It’s block-time in Belgium! Exams are coming up soon, many of us are starting next week with their first exam(s). The lock-down and pandemic don’t stop us from getting a degree – but they make it so much more difficult …
Now with the lock-down going on, you’d think technically we’d be at an advantage to doing the online lessons at our own pace, doing the reading in the sun with a coffee/tea in a relaxed manner, and feeling more confident about emailing professors with questions because we couldn’t ask them during classes. Shouldn’t we be even better prepared now than during other block-phases before this lock-down?

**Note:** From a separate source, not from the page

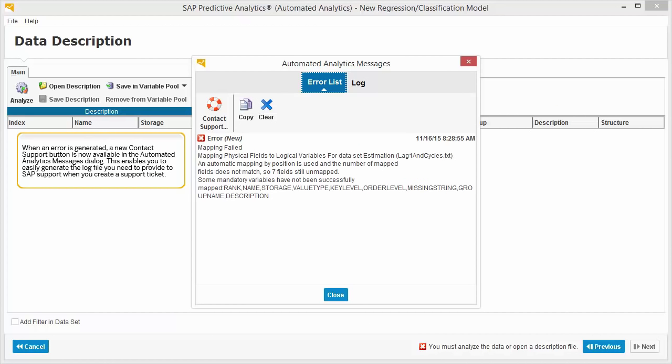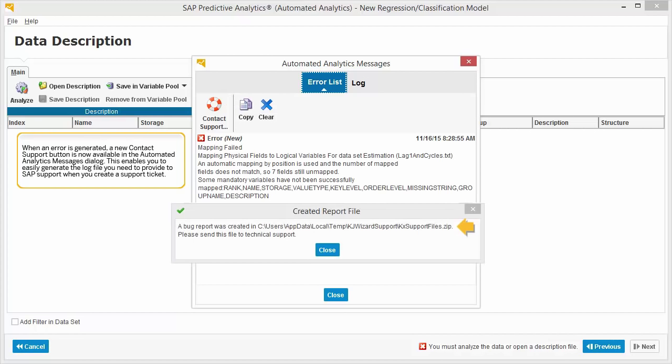When an error is generated, a new Contact Support button is now available in the Automated Analytics Messages dialog. This enables you to easily generate the log file you need to provide to SAP support when you create a support ticket.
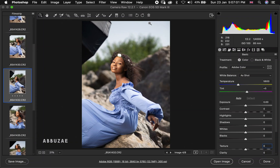Hello YouTube, welcome to a new video. My name is Abuze. On today's video I'm going to show you how I edit my outdoor portrait inside of Photoshop. I'm going to divide the video into two parts. On this first part I'm going to show you how I make manual adjustments and color grade my outdoor portrait inside of Camera Raw, and then on the second part I'll show you how to edit the image inside of Photoshop.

Like I said, you’d think. Technically.
What I’ve been getting from most people is this: studying, focusing, finding the time and energy to put into listening to lectures and getting through the coursework all n your own is hard. Students who got to go home to their families, who can speak of some sort of financial security in this situation, who have a tight social circle to help them maintain not only mental health but also some structure to their lives and maybe give an extra push when dealing with university things – they have it easier to prepare. The rest, which makes up the majority of foreign students, don’t have that safety net, so their preparations are a lot harder.
But what can actually help with preparing for the exams? We have some tips for you, from beginners to grasping-at-their-last-straws-veterans:
Tip #1: start with short periods of studying time.
Begin with 30-45 minute sessions, then take a break. Reward yourself during that break by getting some tea, a snack, going to the bathroom, or going to your window to check out the world and take deep breaths of fresh air for 5-10 minutes. Try to walk up and down the stairs (if you have access to any), or try to walk 100 steps in place. Get some bloodflow to your brain and legs, to avoid pins-and-needles-symptoms.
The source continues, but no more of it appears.